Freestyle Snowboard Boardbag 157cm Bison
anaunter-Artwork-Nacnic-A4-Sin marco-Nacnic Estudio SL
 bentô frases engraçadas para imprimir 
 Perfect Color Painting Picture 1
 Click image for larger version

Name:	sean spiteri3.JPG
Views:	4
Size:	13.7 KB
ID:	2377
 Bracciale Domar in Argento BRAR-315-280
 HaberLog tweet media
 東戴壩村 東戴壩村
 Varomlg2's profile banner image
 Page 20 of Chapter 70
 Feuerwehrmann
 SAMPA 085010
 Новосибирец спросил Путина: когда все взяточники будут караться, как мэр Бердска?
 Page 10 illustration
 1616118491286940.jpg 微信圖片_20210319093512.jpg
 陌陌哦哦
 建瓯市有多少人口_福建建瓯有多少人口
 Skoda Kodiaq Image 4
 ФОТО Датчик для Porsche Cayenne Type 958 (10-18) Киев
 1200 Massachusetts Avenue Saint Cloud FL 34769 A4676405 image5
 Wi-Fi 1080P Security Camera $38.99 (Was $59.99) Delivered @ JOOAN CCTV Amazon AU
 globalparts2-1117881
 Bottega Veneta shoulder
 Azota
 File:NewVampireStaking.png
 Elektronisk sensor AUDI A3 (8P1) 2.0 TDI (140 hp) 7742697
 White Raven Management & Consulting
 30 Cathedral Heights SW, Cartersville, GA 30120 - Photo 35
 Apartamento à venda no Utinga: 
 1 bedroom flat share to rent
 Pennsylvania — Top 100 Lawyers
========================================
### Problem to solve
Print the listing above in its entirety, with every line exact.

### Solution for this problem
Freestyle Snowboard Boardbag 157cm Bison
anaunter-Artwork-Nacnic-A4-Sin marco-Nacnic Estudio SL
 bentô frases engraçadas para imprimir 
 Perfect Color Painting Picture 1
 Click image for larger version

Name:	sean spiteri3.JPG
Views:	4
Size:	13.7 KB
ID:	2377
 Bracciale Domar in Argento BRAR-315-280
 HaberLog tweet media
 東戴壩村 東戴壩村
 Varomlg2's profile banner image
 Page 20 of Chapter 70
 Feuerwehrmann
 SAMPA 085010
 Новосибирец спросил Путина: когда все взяточники будут караться, как мэр Бердска?
 Page 10 illustration
 1616118491286940.jpg 微信圖片_20210319093512.jpg
 陌陌哦哦
 建瓯市有多少人口_福建建瓯有多少人口
 Skoda Kodiaq Image 4
 ФОТО Датчик для Porsche Cayenne Type 958 (10-18) Киев
 1200 Massachusetts Avenue Saint Cloud FL 34769 A4676405 image5
 Wi-Fi 1080P Security Camera $38.99 (Was $59.99) Delivered @ JOOAN CCTV Amazon AU
 globalparts2-1117881
 Bottega Veneta shoulder
 Azota
 File:NewVampireStaking.png
 Elektronisk sensor AUDI A3 (8P1) 2.0 TDI (140 hp) 7742697
 White Raven Management & Consulting
 30 Cathedral Heights SW, Cartersville, GA 30120 - Photo 35
 Apartamento à venda no Utinga: 
 1 bedroom flat share to rent
 Pennsylvania — Top 100 Lawyers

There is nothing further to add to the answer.